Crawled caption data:
· · ·

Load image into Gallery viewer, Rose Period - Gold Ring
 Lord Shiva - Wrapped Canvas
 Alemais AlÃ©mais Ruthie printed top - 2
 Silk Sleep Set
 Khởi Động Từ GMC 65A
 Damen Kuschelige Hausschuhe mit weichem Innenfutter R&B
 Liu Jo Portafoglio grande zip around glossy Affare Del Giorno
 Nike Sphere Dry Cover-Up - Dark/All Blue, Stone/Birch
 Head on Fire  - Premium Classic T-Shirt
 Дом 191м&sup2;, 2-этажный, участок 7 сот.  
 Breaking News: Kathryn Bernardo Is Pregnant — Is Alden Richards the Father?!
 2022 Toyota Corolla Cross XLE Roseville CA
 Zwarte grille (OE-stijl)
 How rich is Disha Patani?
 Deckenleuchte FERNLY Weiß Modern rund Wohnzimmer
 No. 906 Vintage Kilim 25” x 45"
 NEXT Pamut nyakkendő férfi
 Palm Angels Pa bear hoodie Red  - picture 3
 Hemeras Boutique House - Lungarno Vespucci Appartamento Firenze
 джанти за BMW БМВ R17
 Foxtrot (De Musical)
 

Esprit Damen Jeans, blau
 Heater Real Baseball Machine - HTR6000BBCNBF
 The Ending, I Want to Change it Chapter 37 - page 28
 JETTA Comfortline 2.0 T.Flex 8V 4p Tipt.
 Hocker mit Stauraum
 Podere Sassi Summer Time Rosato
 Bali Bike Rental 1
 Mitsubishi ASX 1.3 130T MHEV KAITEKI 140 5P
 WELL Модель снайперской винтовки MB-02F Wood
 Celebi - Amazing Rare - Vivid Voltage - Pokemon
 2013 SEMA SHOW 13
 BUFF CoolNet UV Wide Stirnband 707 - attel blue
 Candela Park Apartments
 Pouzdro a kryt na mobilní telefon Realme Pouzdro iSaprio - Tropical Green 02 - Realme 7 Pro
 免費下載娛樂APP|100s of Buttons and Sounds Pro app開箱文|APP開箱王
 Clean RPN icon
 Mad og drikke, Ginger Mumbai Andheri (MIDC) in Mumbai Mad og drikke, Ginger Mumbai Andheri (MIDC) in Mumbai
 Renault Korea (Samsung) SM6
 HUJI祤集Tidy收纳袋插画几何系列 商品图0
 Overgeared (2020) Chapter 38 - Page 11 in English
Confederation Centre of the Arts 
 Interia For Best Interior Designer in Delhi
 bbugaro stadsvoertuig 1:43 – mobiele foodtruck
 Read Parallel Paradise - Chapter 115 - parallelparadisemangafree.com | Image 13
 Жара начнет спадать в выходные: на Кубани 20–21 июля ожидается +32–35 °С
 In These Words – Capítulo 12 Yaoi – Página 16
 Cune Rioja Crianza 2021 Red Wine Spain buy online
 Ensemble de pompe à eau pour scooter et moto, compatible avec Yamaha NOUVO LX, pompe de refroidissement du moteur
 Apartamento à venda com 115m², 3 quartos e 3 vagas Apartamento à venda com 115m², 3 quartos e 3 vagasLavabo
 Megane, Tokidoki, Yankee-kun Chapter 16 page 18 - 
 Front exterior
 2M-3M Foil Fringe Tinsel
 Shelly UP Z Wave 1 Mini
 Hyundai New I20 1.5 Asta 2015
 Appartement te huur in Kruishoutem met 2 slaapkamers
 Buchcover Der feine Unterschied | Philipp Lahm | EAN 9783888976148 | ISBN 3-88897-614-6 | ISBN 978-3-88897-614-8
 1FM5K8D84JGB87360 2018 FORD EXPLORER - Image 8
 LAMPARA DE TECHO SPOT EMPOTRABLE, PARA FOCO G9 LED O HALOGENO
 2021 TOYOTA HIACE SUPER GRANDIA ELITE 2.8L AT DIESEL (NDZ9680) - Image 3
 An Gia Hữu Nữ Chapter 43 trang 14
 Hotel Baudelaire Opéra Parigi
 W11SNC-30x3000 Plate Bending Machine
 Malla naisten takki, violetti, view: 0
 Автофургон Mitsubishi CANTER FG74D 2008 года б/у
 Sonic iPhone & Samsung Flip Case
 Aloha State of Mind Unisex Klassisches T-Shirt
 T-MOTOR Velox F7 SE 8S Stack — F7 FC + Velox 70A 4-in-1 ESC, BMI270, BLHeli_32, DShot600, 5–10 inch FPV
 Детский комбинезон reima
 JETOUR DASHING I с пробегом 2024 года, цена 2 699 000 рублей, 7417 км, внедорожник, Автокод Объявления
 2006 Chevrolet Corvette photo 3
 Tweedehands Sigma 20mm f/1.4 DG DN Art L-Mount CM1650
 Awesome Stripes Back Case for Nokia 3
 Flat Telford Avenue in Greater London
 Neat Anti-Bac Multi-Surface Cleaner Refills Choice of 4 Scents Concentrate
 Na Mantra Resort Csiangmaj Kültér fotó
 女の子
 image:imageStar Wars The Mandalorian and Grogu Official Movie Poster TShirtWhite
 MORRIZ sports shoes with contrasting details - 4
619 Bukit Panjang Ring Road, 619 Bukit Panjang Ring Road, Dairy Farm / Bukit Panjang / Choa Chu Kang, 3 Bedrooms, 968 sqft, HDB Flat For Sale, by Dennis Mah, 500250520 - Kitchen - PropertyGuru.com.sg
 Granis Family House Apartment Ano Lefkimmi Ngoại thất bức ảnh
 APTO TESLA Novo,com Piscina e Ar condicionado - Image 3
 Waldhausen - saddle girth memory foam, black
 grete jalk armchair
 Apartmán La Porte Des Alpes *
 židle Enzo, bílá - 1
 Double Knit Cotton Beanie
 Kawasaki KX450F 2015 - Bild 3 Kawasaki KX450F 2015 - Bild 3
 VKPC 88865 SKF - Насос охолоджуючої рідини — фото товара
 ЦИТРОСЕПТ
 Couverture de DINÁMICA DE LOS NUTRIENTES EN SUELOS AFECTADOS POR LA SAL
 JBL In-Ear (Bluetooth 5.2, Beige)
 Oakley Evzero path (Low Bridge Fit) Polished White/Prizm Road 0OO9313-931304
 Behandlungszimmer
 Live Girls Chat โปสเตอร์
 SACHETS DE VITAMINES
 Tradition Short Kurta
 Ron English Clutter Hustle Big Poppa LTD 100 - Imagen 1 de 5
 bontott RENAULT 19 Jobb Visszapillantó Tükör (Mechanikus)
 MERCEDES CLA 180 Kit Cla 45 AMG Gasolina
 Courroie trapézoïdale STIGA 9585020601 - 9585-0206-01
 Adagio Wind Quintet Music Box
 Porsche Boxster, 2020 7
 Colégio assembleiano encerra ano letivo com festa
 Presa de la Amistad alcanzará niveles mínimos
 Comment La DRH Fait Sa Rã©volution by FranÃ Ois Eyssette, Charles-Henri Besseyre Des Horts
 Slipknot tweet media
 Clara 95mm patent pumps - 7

· · ·

__Prompt__: Look above for the line containing "Nike Sphere Dry" and the line containing "No. 906 Vintage". Transcribe both, with the lines between them, exactly.

__Exercise output__:
 Nike Sphere Dry Cover-Up - Dark/All Blue, Stone/Birch
 Head on Fire  - Premium Classic T-Shirt
 Дом 191м&sup2;, 2-этажный, участок 7 сот.  
 Breaking News: Kathryn Bernardo Is Pregnant — Is Alden Richards the Father?!
 2022 Toyota Corolla Cross XLE Roseville CA
 Zwarte grille (OE-stijl)
 How rich is Disha Patani?
 Deckenleuchte FERNLY Weiß Modern rund Wohnzimmer
 No. 906 Vintage Kilim 25” x 45"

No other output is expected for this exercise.